THE BLIND SWORDSMAN: ZATOICHI directed and written by Takeshi Kitano from the novel by Kan Shimozawa, produced by Masayuki Mori and Tsunehisa Saitô, with Kitano, Tadanobu Asano, Yui Natsukawa and Michiyo Ookusu. 116 minutes. An Asahi/Office Kitano production. An Alliance Atlantis release. Opens Friday (June 11). For venues and times see Movies, page 106. Rating: NNN Rating: NNN
For the sake of those westerners who've never encountered any of the 20-odd Japanese titles that begin with his name, Zatôichi is a blind masseur who walks the Japanese countryside in the samurai era. He's also a master swordsman, so quick with his blade that he rarely gets involved in any prolonged fencing matches.
He does the hero thing - defending the weak, smiting the oppressor - with a wry humour that elevates the Zatàichi series above most generic samurai pictures, even if they seldom match the very best the genre has produced. Anyone wishing to explore the series can find the titles on DVD from Home Vision, which has issued about half the series.

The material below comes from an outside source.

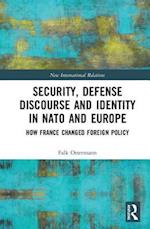 Security, Defense Discourse and Identity in NATO and Europe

Takeshi Kitano's multimedia career includes writing, directing and acting in his own films and those of others. Also known as "Beat" Takeshi from his stand-up comedy days, he's devoted most of his onscreen time to cultivating his own poker-faced cool in existential gangster films like Sonatine and Fireworks (Hana-bi).
After his exceedingly odd gay samurai film Gohatto (Taboo), Kitano turns his attention to Zatàichi, a near mythical figure in Japanese cinema, making him into a poker-faced character of inestimable cool.
He's so cool that he wins at gambling because his ears can detect which way the dice will fall by the sound of their rattle in the cup. He walks into a town that looks suspiciously like the one in Yojimbo, where the two dominant crime families are ripe to destroy each other, with a little help.
The help comes in the form of a talented ronin, an out-of-work masterless samurai who offers himself up to one of the gangs though it offends his sense of honour. He's so good that, once we've seen Zatàichi take on a gang of ruffians who steal his sword before attacking him and still lose, we know that everything is foreplay to their big showdown.
There's not nearly as much dead air as in most Kitano films. His direction here has snap, and every scene is staged as a tense confrontation between people battling to control the space 3 feet around them, a neat trick when everyone is sitting cross-legged on the floor.
Unfortunately, the climax isn't that impressive, in part because, as he himself admits, Kitano's no swordsman. Kitano the director is forced to cut around Kitano the actor, who just doesn't have the moves.